▸ **Records for processing**:
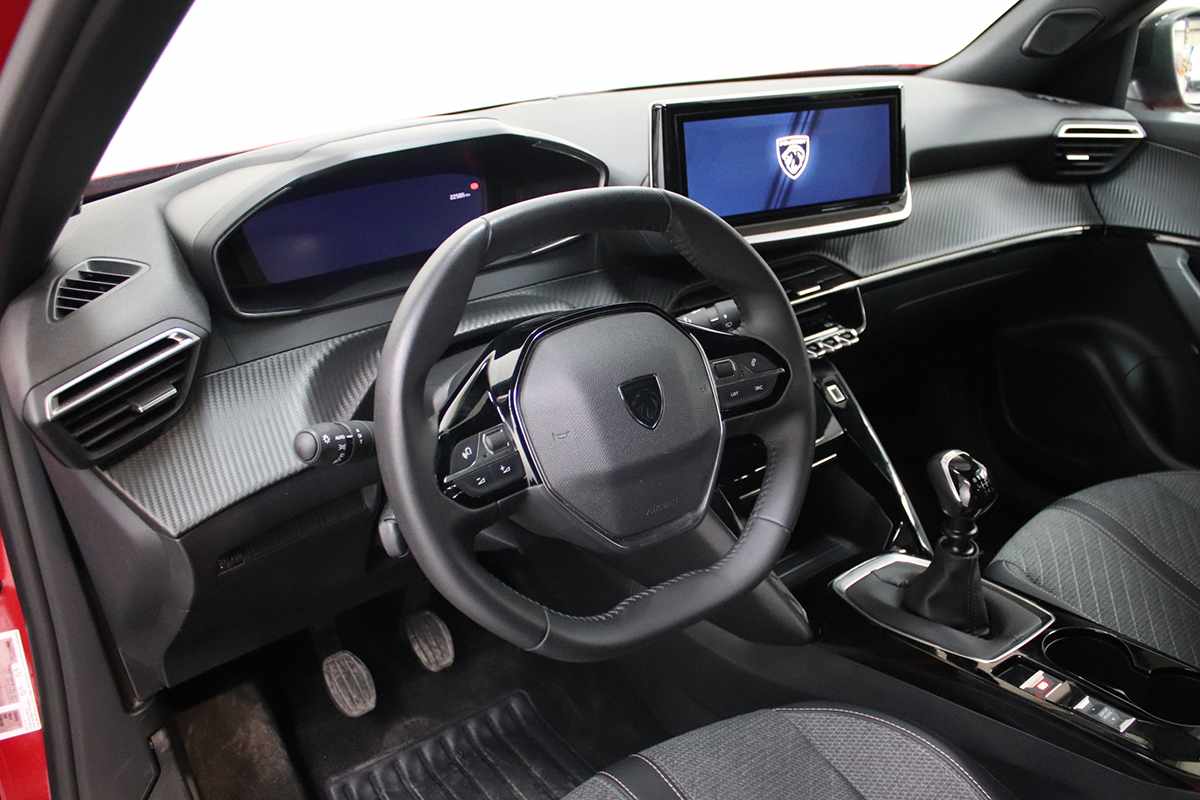 peugeot-2008-2024-gasolina-1199cc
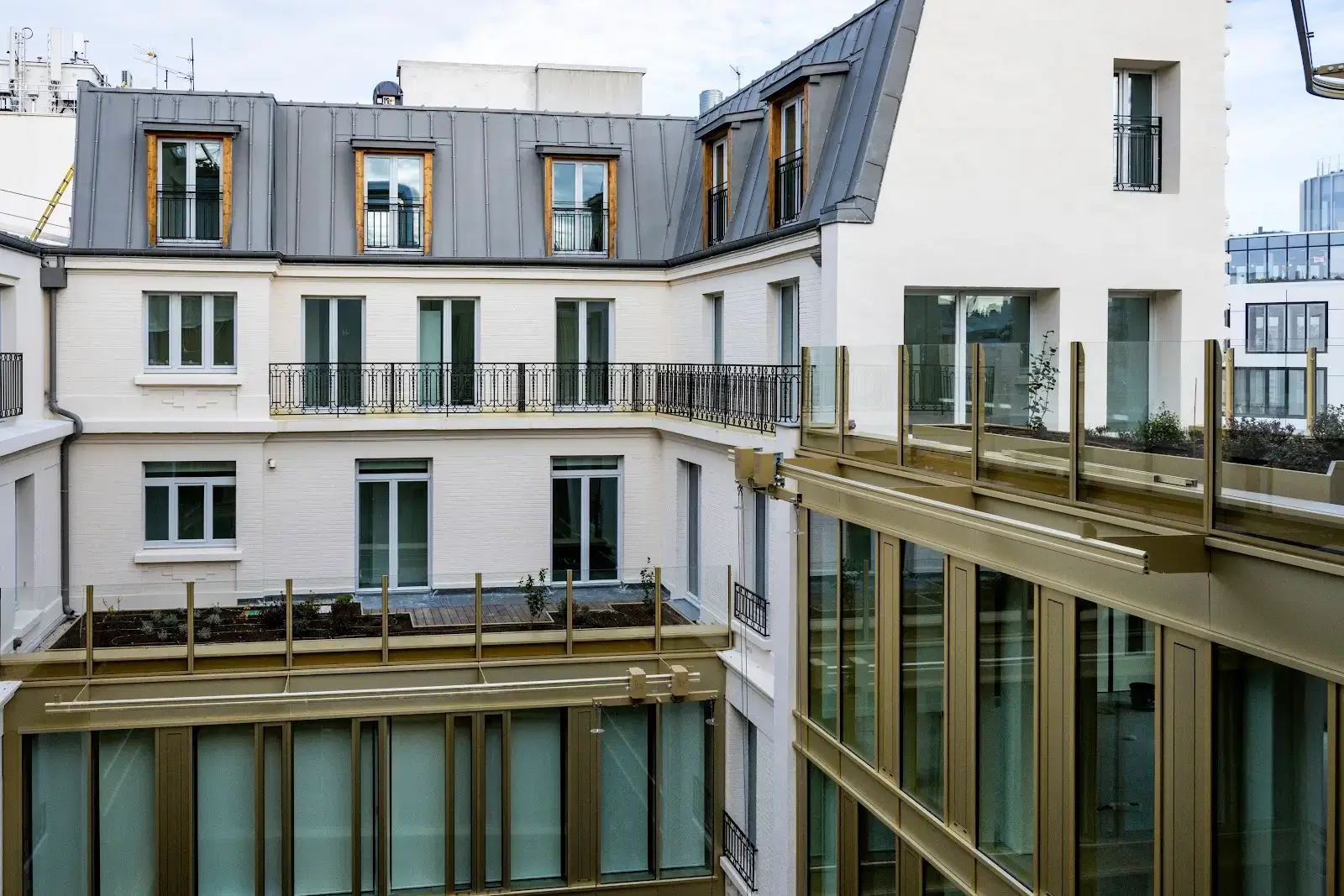 Morning, Bayard interior photo 11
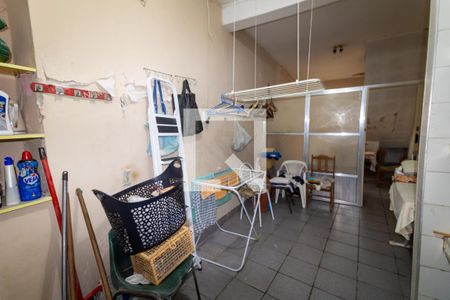 Casa à venda com 350m², 4 quartos e 5 vagaslavanderia 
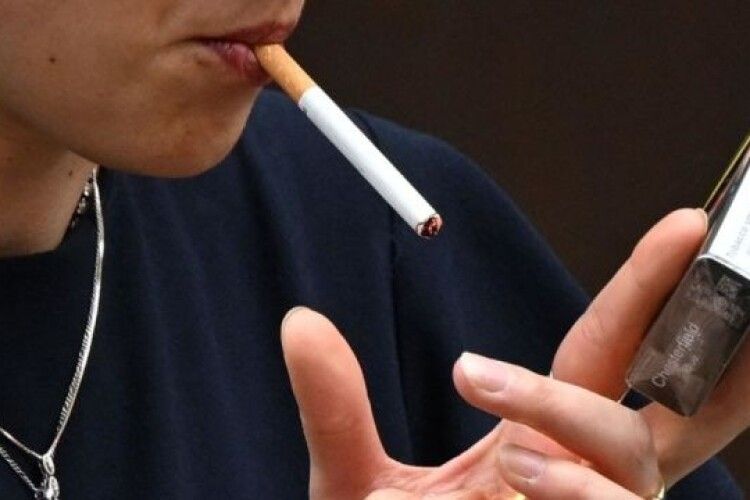 У Канаді хочуть друкувати попередження про шкоду куріння на кожній сигареті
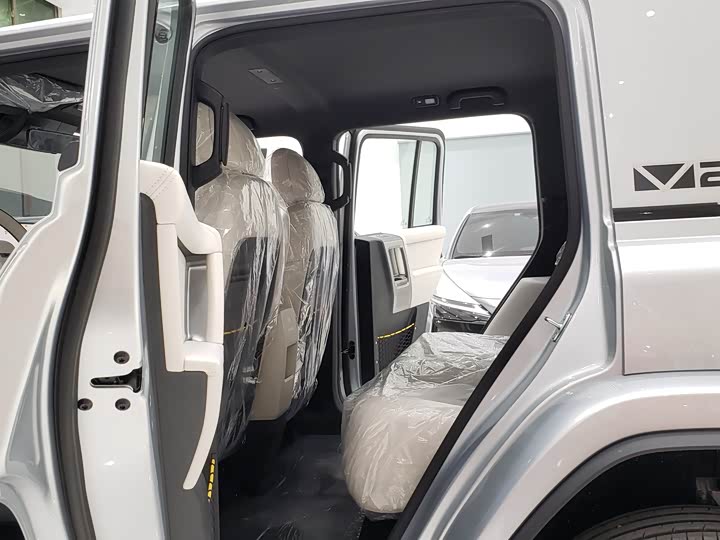 Фото 9 - Chery iCar V23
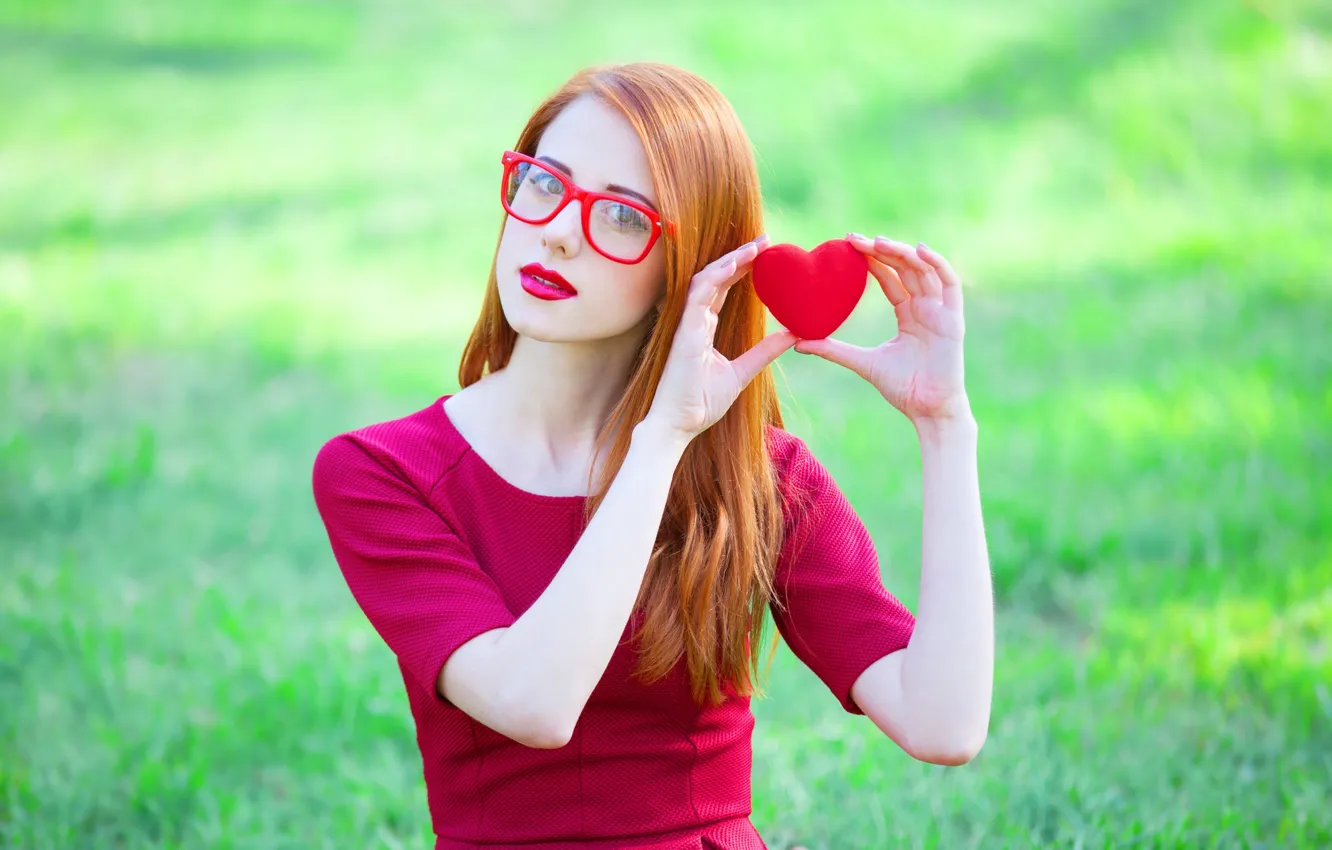 Фото обои взгляд, поза, сердце, Девушка, платье, очки, рыжая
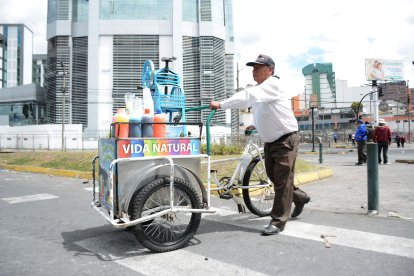 Miguel Ángel Tibiano recorrió las calles de Quito en pleno paro. Debía trabajar.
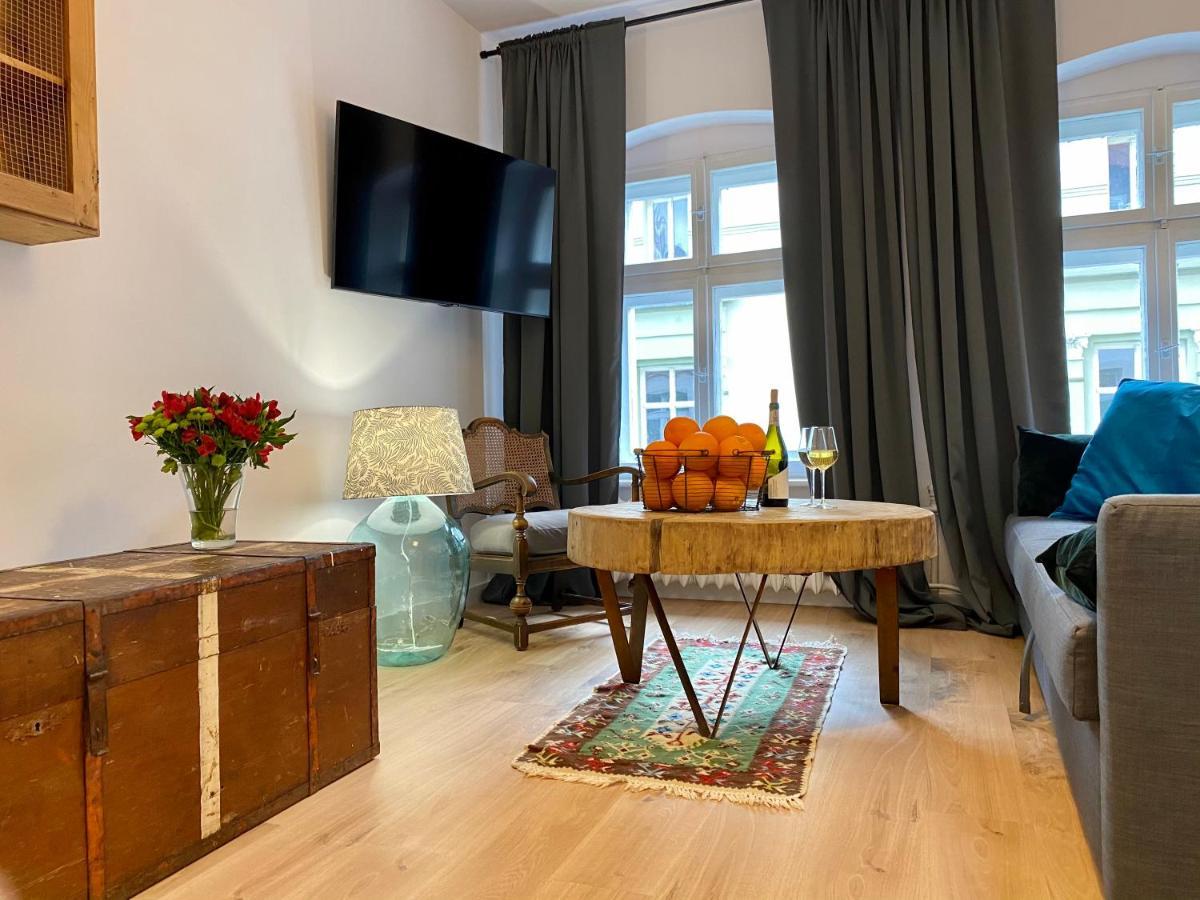 Apartament Hrabala 옐레니아구라 외부 사진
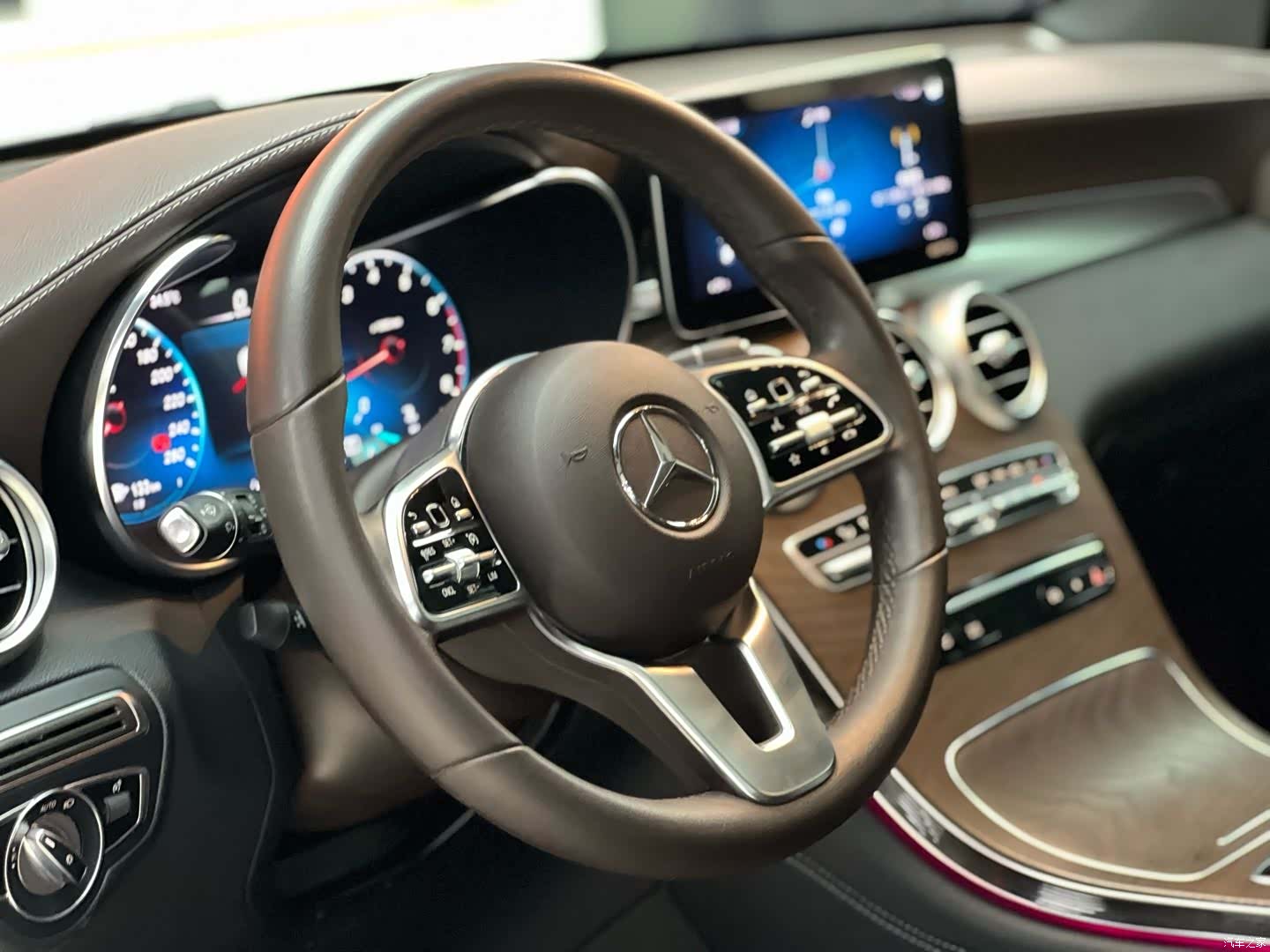 Mercedes-Benz GLC, 2020 7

▸ **Your assignment**: Give the records above again verbatim, pictures omitted.

▸ **Task result**:
 peugeot-2008-2024-gasolina-1199cc
 Morning, Bayard interior photo 11
 Casa à venda com 350m², 4 quartos e 5 vagaslavanderia 
 У Канаді хочуть друкувати попередження про шкоду куріння на кожній сигареті
 Фото 9 - Chery iCar V23
 Фото обои взгляд, поза, сердце, Девушка, платье, очки, рыжая
 Miguel Ángel Tibiano recorrió las calles de Quito en pleno paro. Debía trabajar.
 Apartament Hrabala 옐레니아구라 외부 사진
 Mercedes-Benz GLC, 2020 7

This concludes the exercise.